Decision on closing buildings

Maniototo Park Stadium is one of six buildings in the ward that will undergo a detailed seismic...
Maniototo Park Stadium is one of six buildings in the ward that will undergo a detailed seismic assessment and estimate of costs for strengthening. PHOTO: SIMON HENDERSON
Control over who can close earthquake-prone buildings was a key issue at the first meeting of the Maniototo Community Board after the local elections.

The Central Otago District Council has been asking community boards to agree that discretion to decide to close a council-owned earthquake-prone building would sit with the council as part of a district-wide risk management policy.

Board member Stuart Duncan said closing buildings could have ‘‘quite dire effects’’ in a small community, and questioned whether local communities no longer had a say if the decision sat with the council.

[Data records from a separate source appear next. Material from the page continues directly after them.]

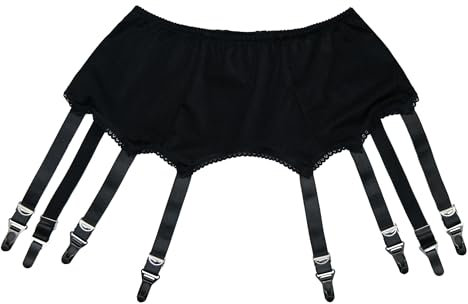 Luxallacki Reggicalze retrò con 8 cinghie e clip in metallo, reggicalze di lusso, Nero , XL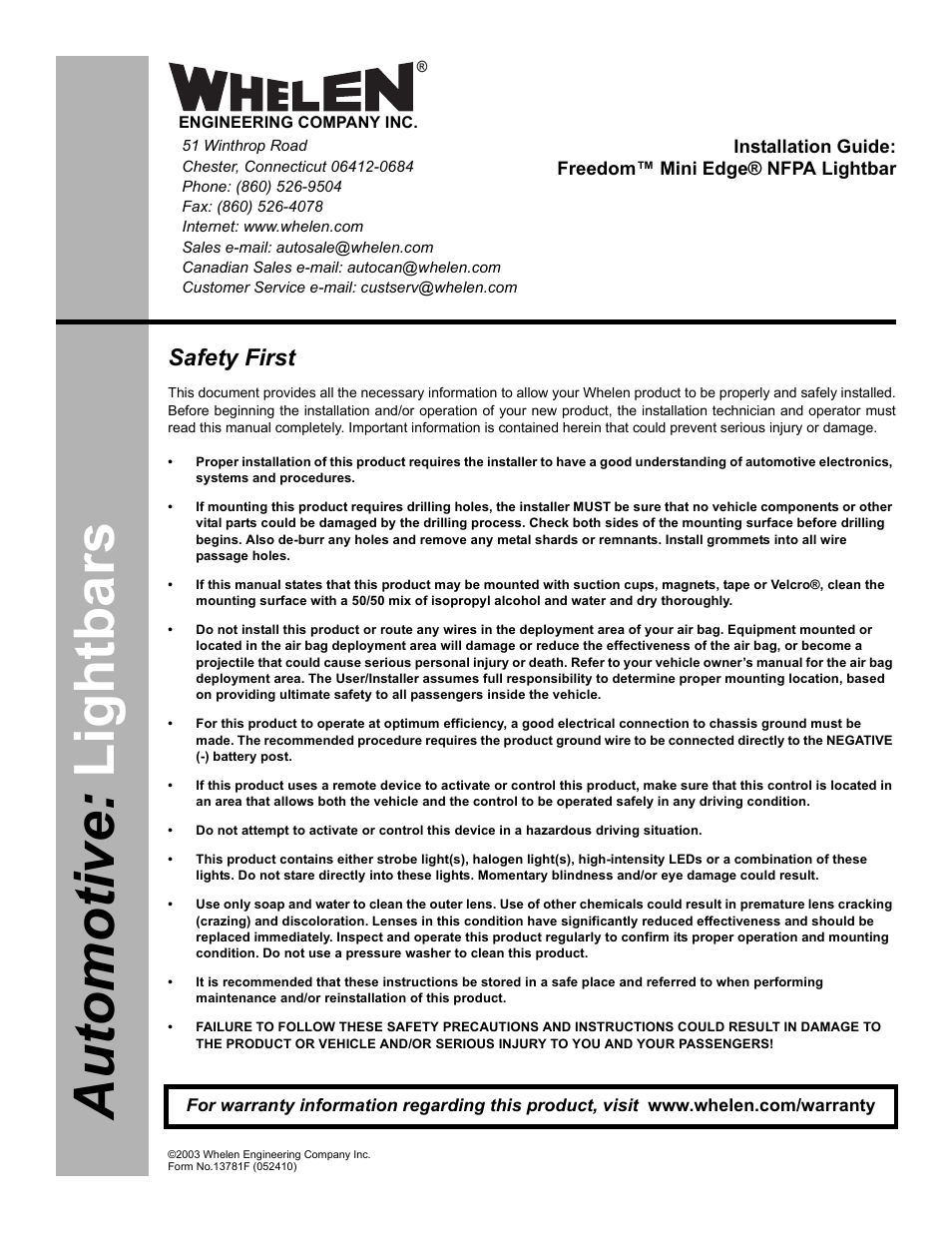 Whelen FNMINI User Manual | 6 pages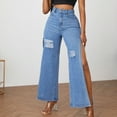 thumbnail image 7 of USNSM Women's Ripped Jeans Solid Color High Waist Slit Wide Leg Distressed High Waisted Loose Pants with Pockets Blue S, 7 of 7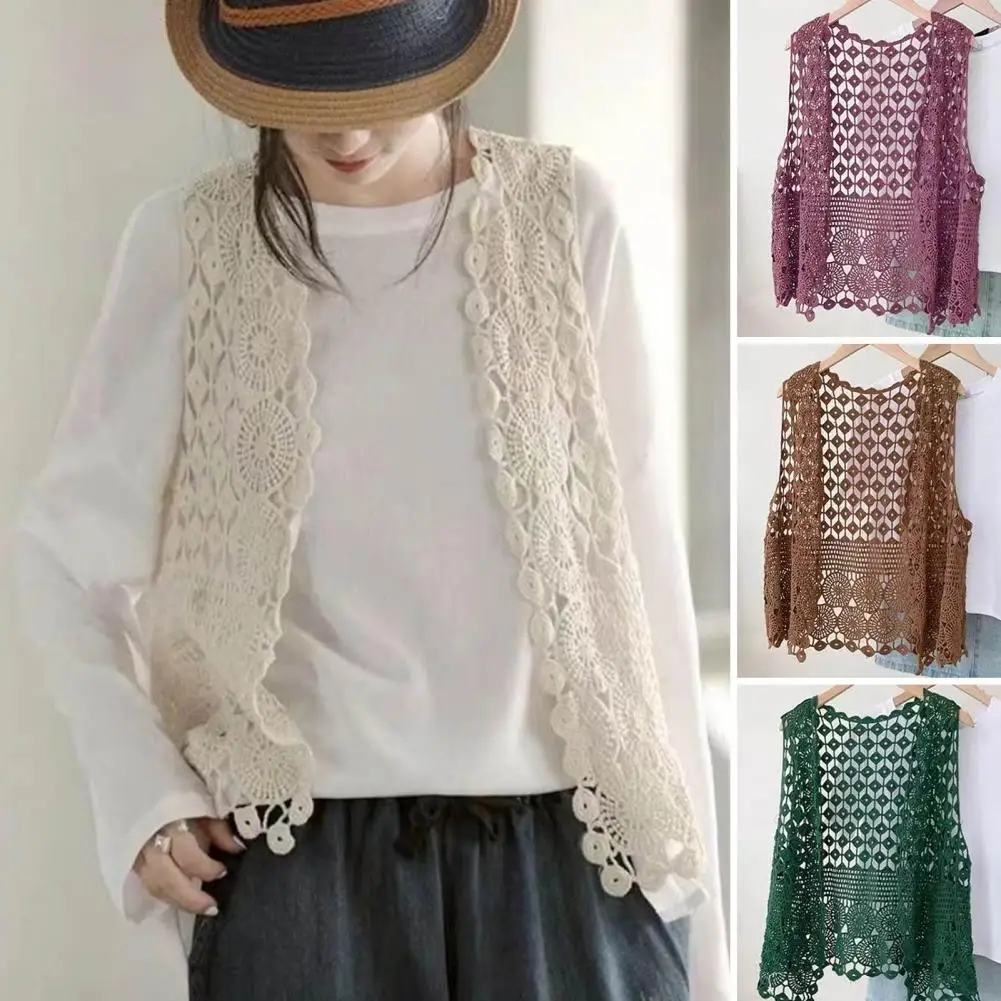 

Women's V Neck Sleeveless Summer Vest Crochet Cardigan Retro Knitted Open Stitch Vest Coat Loose Solid Color Outwear Coat Top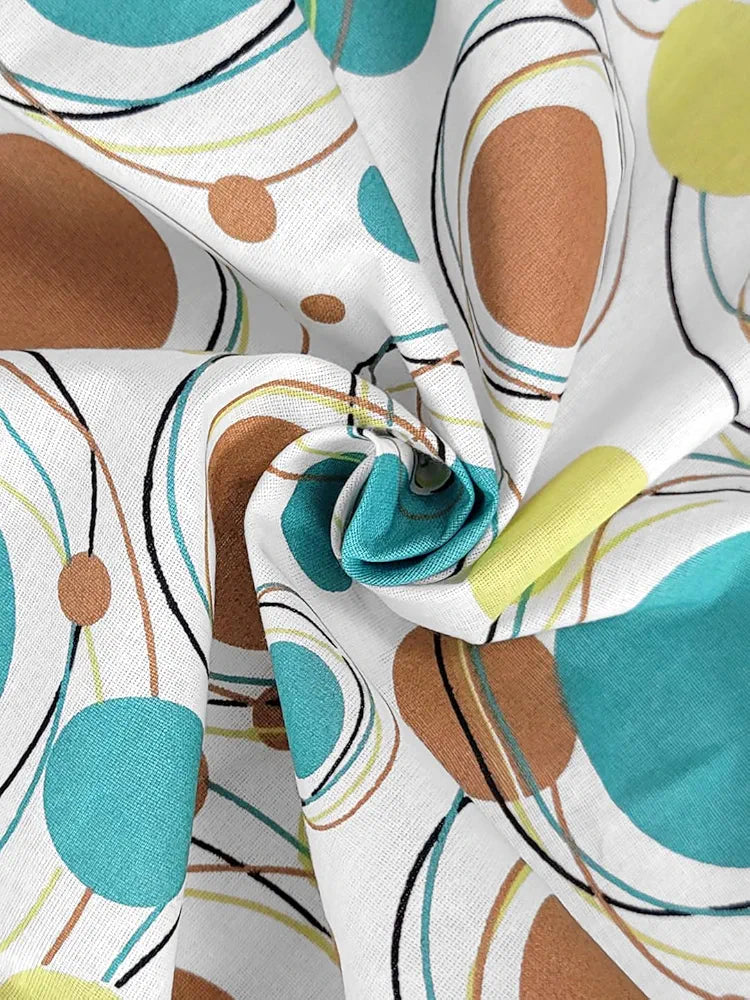 Divine Casa 144 TC Pure Cotton King Size Fitted Bedsheet Polka Dot Pattern Elastic Fitted Bedsheet White Skin Colour Biscuit Baltic Sea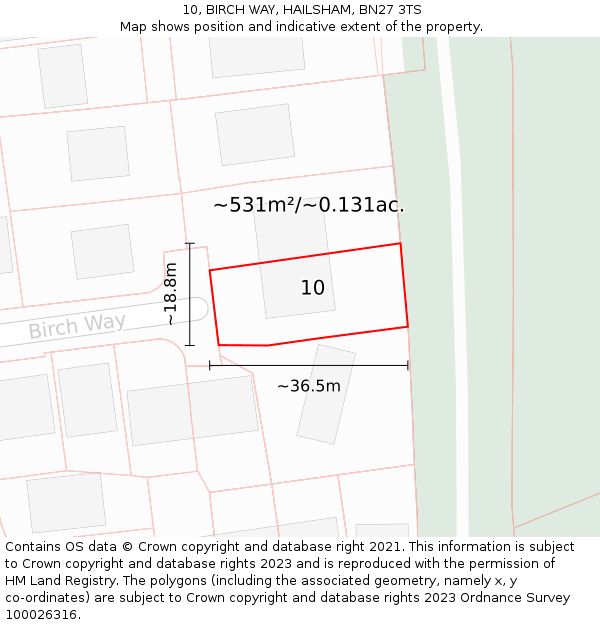 10, BIRCH WAY, HAILSHAM, BN27 3TS: Plot and title map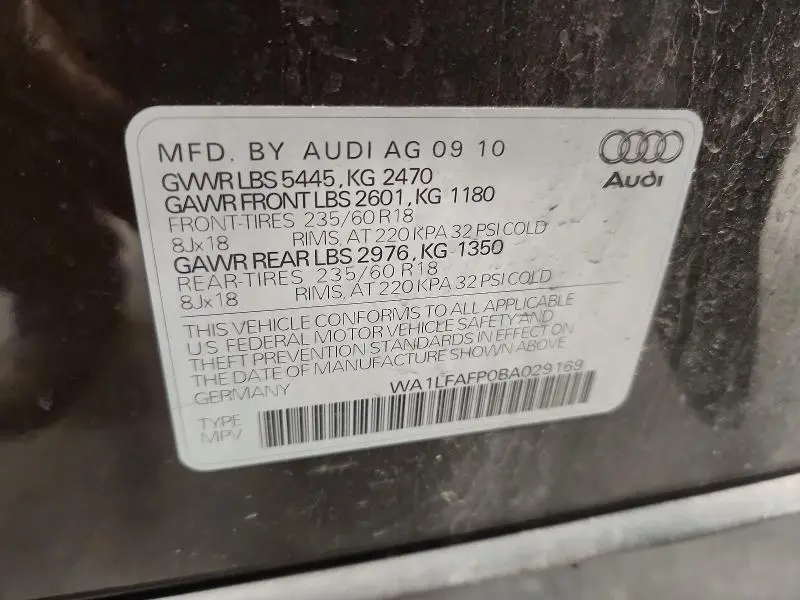 2011 AUDI Q5 PREMIUM PLUS  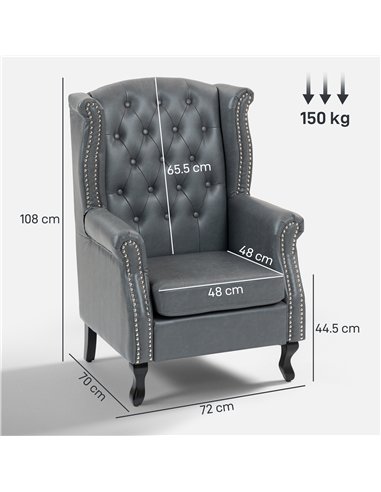 HOMCOM Wingback Accent Chair Tufted Chesterfield-style Armchair with Nail Head Trim for Living Room Bedroom Grey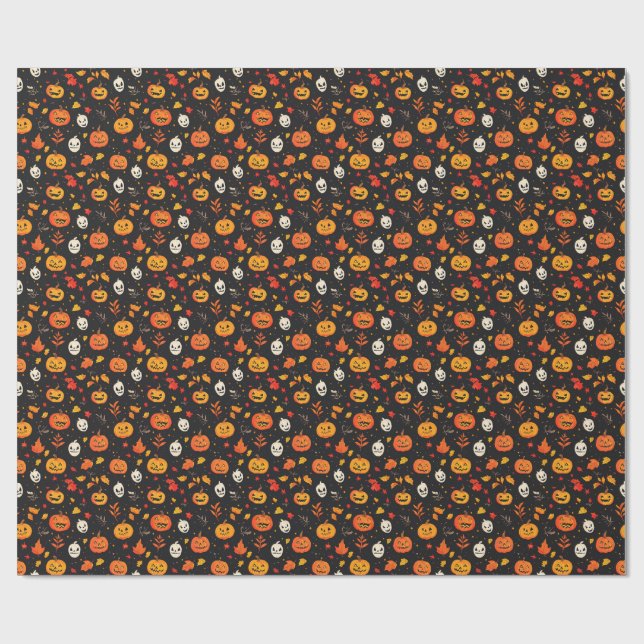 Fun Halloween Pumpkin and Leaves Print Wrapping Paper (Flat)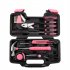  US Direct  39pcs Tool Set Carbon Steel Essential Kit Ideal Home Tool Set With Solid Storage Box For Repairing pink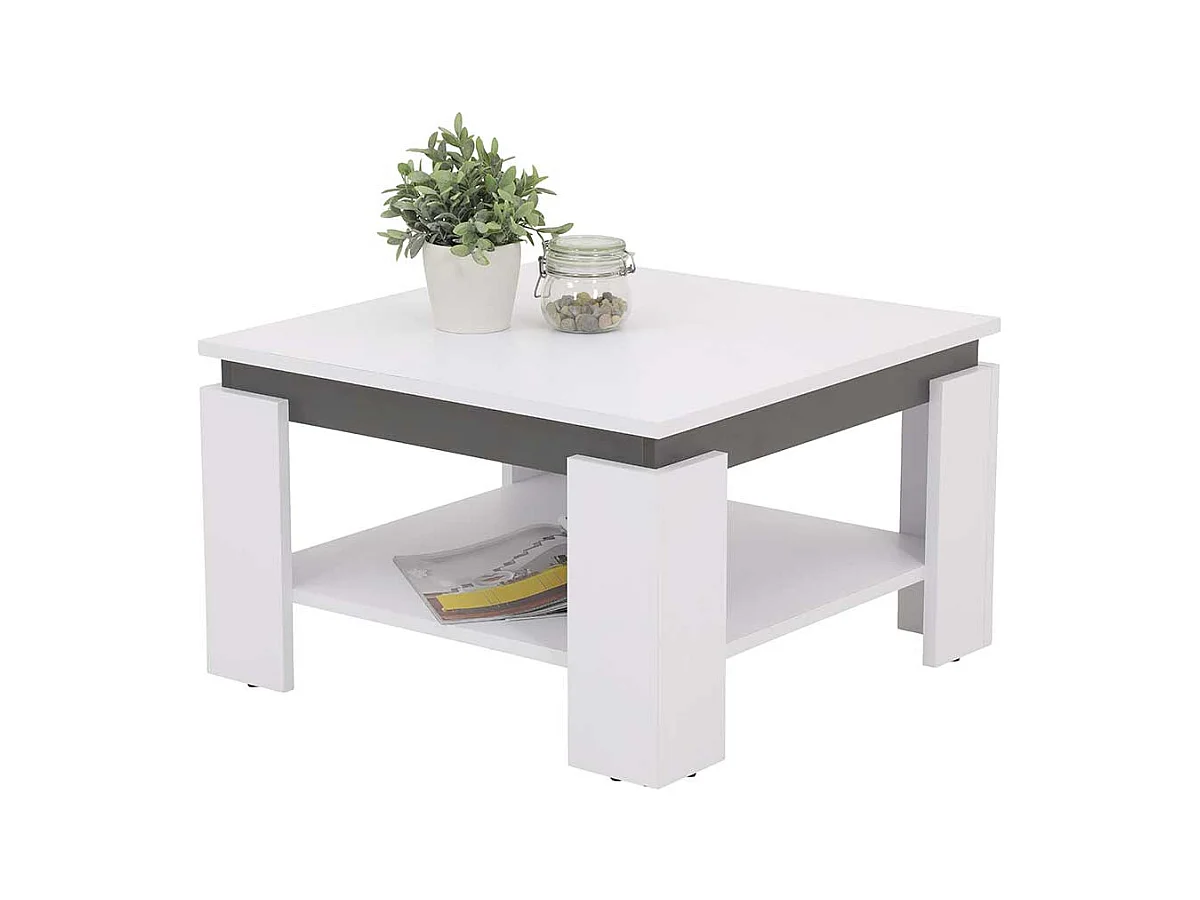 Wohnzimmer Tisch in Weiß und Anthrazit quadratischer Tischplatte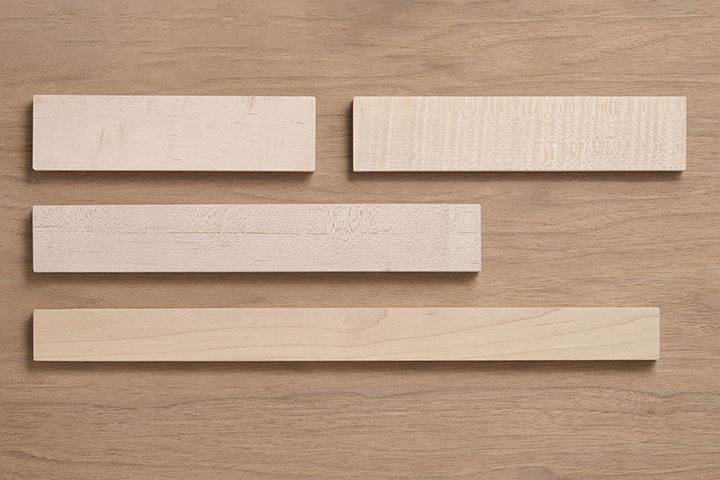 [Photo] Different varieties of maple used in musical instruments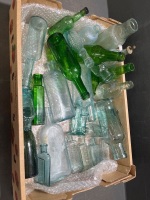 Assorted lot of green glass bottles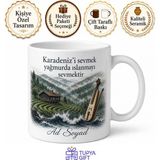 Tupya Gift Karadeniz Sevdalısı Kemençe Horon Uzungöl Hamsi Temalı Porselen Kupa Bardak Hediye - Adet - Beyaz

‘‘It wasn’t that long ago we had a fight to keep our library open,’’ he said, referring to an issue in 2015 when discussions about relocating the community library from Maniototo Area School to the Ranfurly Service Centre came up against local opposition.

Mayor Tim Cadogan said it might cause ‘‘mass confusion’’ if one board closed a building and another did not, which was why they were hoping for a consistent approach across the district.

Mr Duncan said the board had to ‘‘look after the wee guy’’.

An amendment was agreed between the council and the board, which would allow the council to close an earthquake-prone building provided the decision was made with input from the relevant community board.

The board also agreed to allow up to $60,000 for detailed seismic assessments plus cost estimates for strengthening six buildings — Naseby Town Hall, Naseby General Store, Maniototo Park Stadium, Patearoa Hall, Wedderburn Hall and Ranfurly Hall.